In their findings published in the Sept. 21 issue of the journal Cell, researchers from Harvard Medical School, Cornell Medical School and the National Institutes of Health say they have discovered two genes that determine the lifespan of cells.
When cells are exposed to certain types of stress, such as a reduction in calories, the genes go into overdrive, and fend off diseases associated with aging, such as cancer, diabetes and dementia.
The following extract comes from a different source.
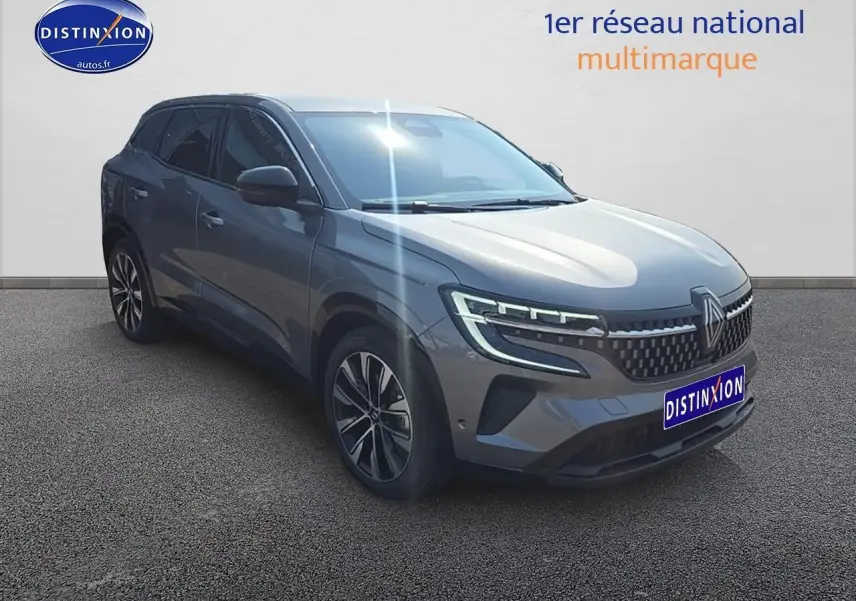 Renault Austral gris schiste en 3/4 avant droit avec jantes alu et phares LED allumés sur fond neutre.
The newly found genes, SIRT3 and SIRT4, do this by keeping the "heart" of the cell, its mitochondria, alive when it would typically wane and die.
It turns out then that mitochondria guard against cell death, and the two genes within the mitochondria actually carry out that task.
Mitochondria are compartments within a cell that are dedicated to energy production, and their loss is thought to be a major cause of aging.
The research thus identifies two potential drug targets that could be exploited to slow down the aging process, said lead researcher David Sinclair, director of the Paul F. Glenn Laboratories for Aging Research at Harvard Medical School.
Sinclair and his colleagues found that, when either rat or human cells were deprived of nutrients (as in a caloric-restriction diet), the overall cellular concentration of a compound known as NAD dropped precipitously -- but not within mitochondria. Indeed, following any kind of cellular stress, mitochondrial NAD concentration actually increased, in turn stimulating the mitochondrial enzymes created by SIRT3 and SIRT4.
The end result are mitochondria that grow stronger and increase their energy output, decreasing cells' aging processes.
"Said David Sinclair,. "If we can keep boosting levels of NAD in the mitochondria, which in turn stimulates buckets more of SIRT3 and SIRT4, then for a period of time the cell really needs nothing else."
Researchers conducted tests on rats in which one group was fed a sucrose diet and the other group fasted for 48 hours. In the rats that had fasted, NAD levels increased in their livers, they found.
"We hope that these insights into the importance of mitochondrial NAD will facilitate a new understanding of and the development of novel approaches to treating diseases such as cancer and neurodegeneration," reads the report.